Diesen viel zu passiven Zustand müssen wir aus Sicht des SSW dringend überwinden. Alle staatlichen Ebenen sind dringend aufgefordert, ihren Einsatz gegen Kinderarmut deutlich zu verstärken. Es ist absolut überfällig, dass der Staat mehr Verantwortung für diese Kinder übernimmt und eine stärkere finanzielle Unterstützung für arme oder von Armut bedrohte Familien organisiert. Es reicht nicht, dieses Thema nur theoretisch zu bewegen und die nächste Studie zu Ausprägungen oder Ursachen von Armut in Auftrag zu geben. Wir kennen das Problem. Und wir haben nahezu brutal aussagekräftige Zahlen. Durch das Sammeln weiterer Daten oder durch neue Statistiken ist niemandem, der Arm ist, geholfen. Wir brauchen konkrete Maßnahmen und neue Lösungen. Und gerade, weil der Weg aus der Armut schwierig ist und Kinder aus armen Familien oft arm bleiben, brauchen wir eine zielgerichtete und niedrigschwellige Unterstützung für die Betroffenen.

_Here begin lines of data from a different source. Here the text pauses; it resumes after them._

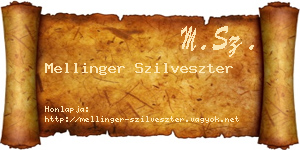 Mellinger Szilveszter névjegykártya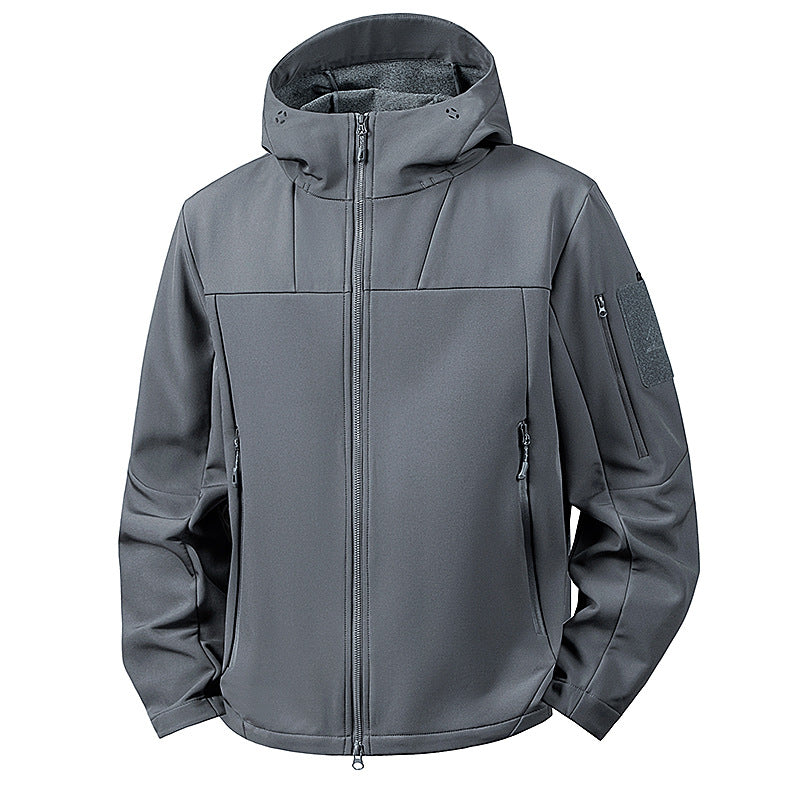 Herren wind- und wasserabweisende Softshelljacke mit Kapuze und taktischen Taschen Shop Nory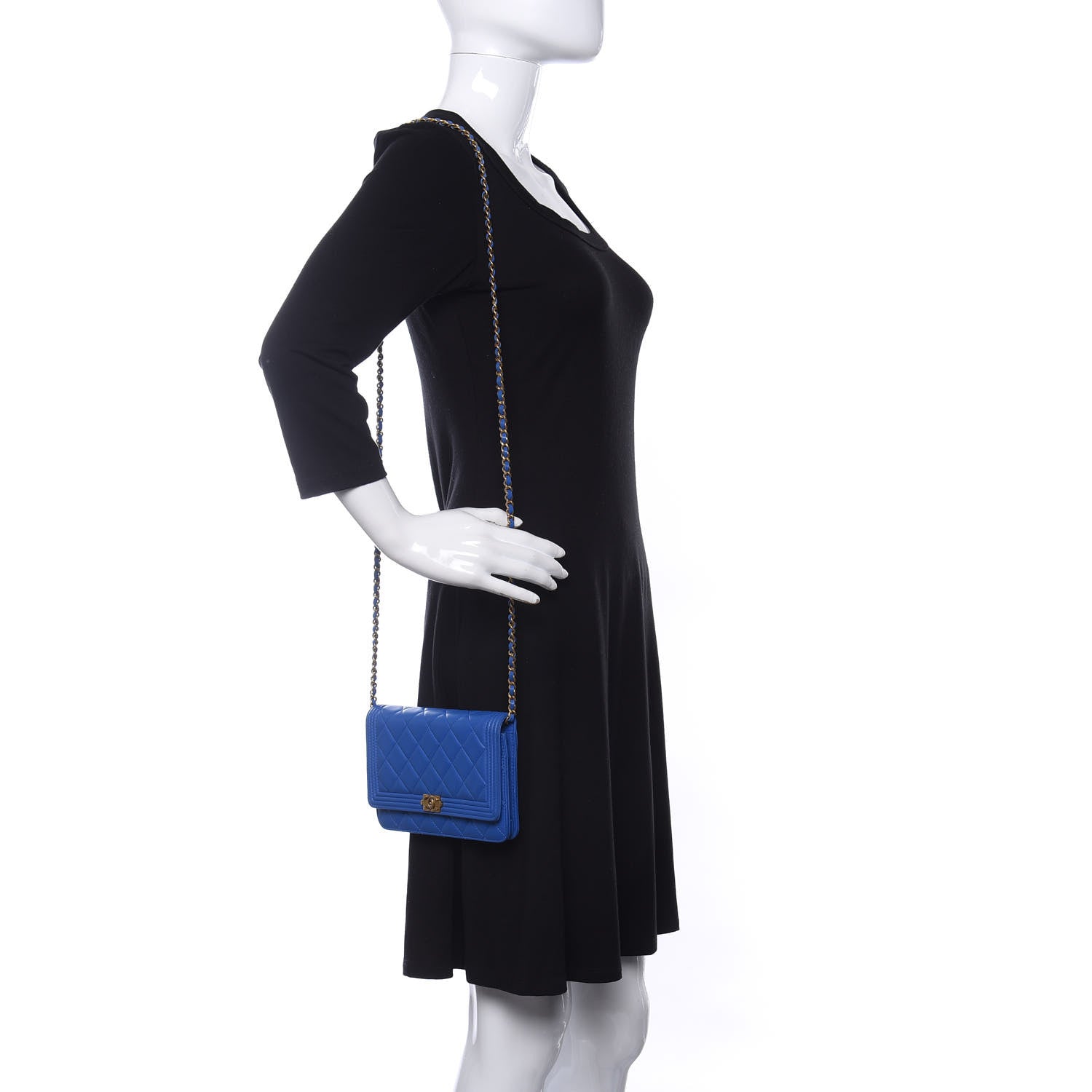 Chanel Lambskin Quilted Boy Wallet On Chain WOC Blue 2 of 12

Wenn wirklich alle Kinder gleiche Chancen auf Bildung und Gesundheit haben sollen, müssen wir auch ihre materiellen Lebensbedingungen verbessern. Es wird sehr wahrscheinlich nicht reichen, Armutskonferenzen abzuhalten und gebetsmühlenartig den Mehrwert kommunaler Präventionsketten zu wiederholen. Wir brauchen mehr. Und hier vor allem natürlich eine einfach handhabbare und sozial gerechte Kindergrundsicherung. Ziel muss sein, dass arme oder armutsgefährdete Haushalte deutlich bessergestellt werden als bisher. Das wird einige Milliarden Euro jährlich kosten und schmeckt dem neuen Bundesfinanzminister vermutlich ebenso wenig, wie seinem Vorgänger. Aber ich sehe keine Alternative zu dieser Maßnahme. Doch auch das Land Schleswig-Holstein muss endlich seine Hausaufgaben erledigen und Bildung von der Kita bis zur Hochschule für alle jungen Menschen gratis machen. Und wenn wir Kinderarmut wirklich systematisch und nachhaltig bekämpfen wollen, brauchen wir dringend weitere Maßnahmen wie eine echte Lernmittelfreiheit, ein elternunabhängiges Bafög oder den kostenlosen Zugang junger Menschen zu Bibliotheken, Museen, Sport- und Kulturangeboten.